NOTE: International, regional or national standards or other recognized specifications that contain sufficient and concise information on how to perform the tests do not need to be supplemented or rewritten internal procedures if these standards are written in a way that they can be used as published by the operating staff in laboratory. It may be necessary to provide additional documentation for optional steps in the method or additional details.
The laboratory shall use test methods, including methods for sampling, which meet the needs of the customer and which are appropriate for the tests and/or calibrations it undertakes. Methods published in international, regional or national standards shall preferably be used. The laboratory shall ensure that it uses the latest valid edition of a standard unless it is not appropriate or possible to do so. When necessary, the standard shall be supplemented with additional details to ensure consistent application. When the customer does not specify the method to be used, the laboratory shall select appropriate methods that have been published either in international, regional or national standards, or by reputable technical organizations, or in relevant scientific texts or journals, or as specified by the manufacturer of the equipment.
Laboratory-developed methods or methods adopted by the laboratory may also be used if they are appropriate for the intended use and if they are validated. The customer shall be informed as to the method chosen. The laboratory shall confirm that it can properly operate standard methods before introducing the tests. If the standard method changes, the confirmation shall be repeated.
The laboratory shall inform the customer when the method proposed by the customer is considered to be inappropriate or out of date.
The introduction of test and calibration methods developed by the laboratory for its own use shall be a planned activity and shall be assigned to qualified personnel equipped with adequate resources. Plans shall be updated as development proceeds and effective communication amongst all personnel involved shall be ensured.

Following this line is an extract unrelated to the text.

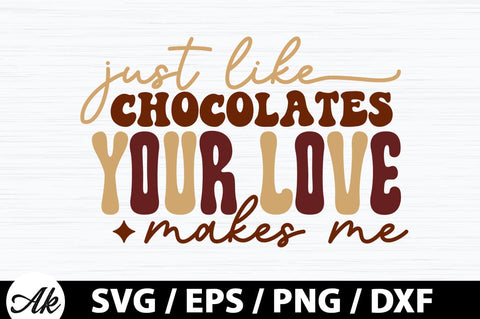 Just like chocolates your love makes me Retro SVG SVG akazaddesign 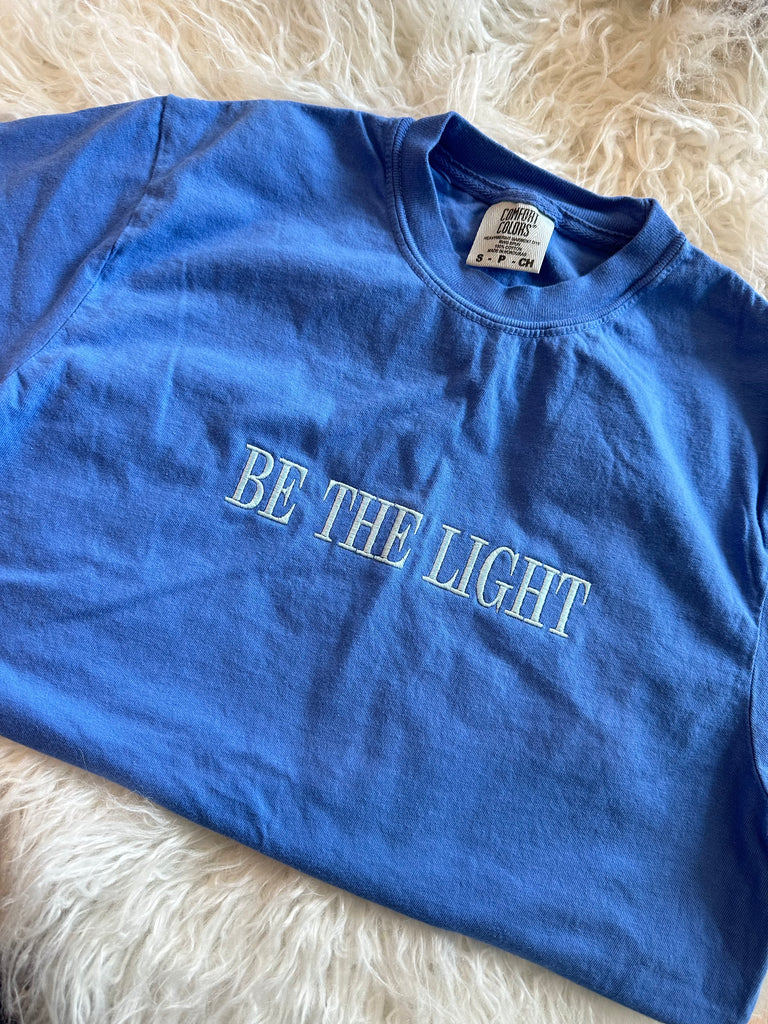 EMBROIDERED BE THE LIGHT - BLUE COMFORT COLORS TEE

When it is necessary to use methods not covered by standard methods, these shall be subject to agreement with the customer and shall include a clear specification of the customer’s requirements and the purpose of the test. The method developed shall have been validated appropriately before use.
NOTE For new test methods, procedures should be developed prior to the tests being performed and should contain at least the following information:
a) appropriate identification;
c) description of the type of item to be tested or calibrated;
d) parameters or quantities and ranges to be determined;
e) apparatus and equipment, including technical performance requirements;
f) reference standards and reference materials required;
g) environmental conditions required and any stabilization period needed;
h) description of the procedure, including affixing of identification marks, handling, transporting, storing and preparation of items, checks to be made before the work is started, checks that the equipment is working properly and, where required, calibration and adjustment of the equipment before each use, the method of recording the observations and results, any safety measures to be observed;
i) criteria and/or requirements for approval/rejection;
j) data to be recorded and method of analysis and presentation;
k) the uncertainty or the procedure for estimating uncertainty.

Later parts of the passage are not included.